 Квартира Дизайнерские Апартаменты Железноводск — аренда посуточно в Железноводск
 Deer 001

.....

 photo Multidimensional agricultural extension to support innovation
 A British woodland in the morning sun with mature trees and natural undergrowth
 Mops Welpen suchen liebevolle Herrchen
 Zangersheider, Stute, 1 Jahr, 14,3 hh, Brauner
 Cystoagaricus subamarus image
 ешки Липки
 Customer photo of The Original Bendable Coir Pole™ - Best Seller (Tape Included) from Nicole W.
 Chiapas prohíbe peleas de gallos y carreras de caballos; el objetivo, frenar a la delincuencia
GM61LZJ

.....

▶ **PROBLEM DETAILS**
Report back each line in the material above that contains the string "photo".

▶ **WRITTEN RESPONSE**
 photo Multidimensional agricultural extension to support innovation
 Customer photo of The Original Bendable Coir Pole™ - Best Seller (Tape Included) from Nicole W.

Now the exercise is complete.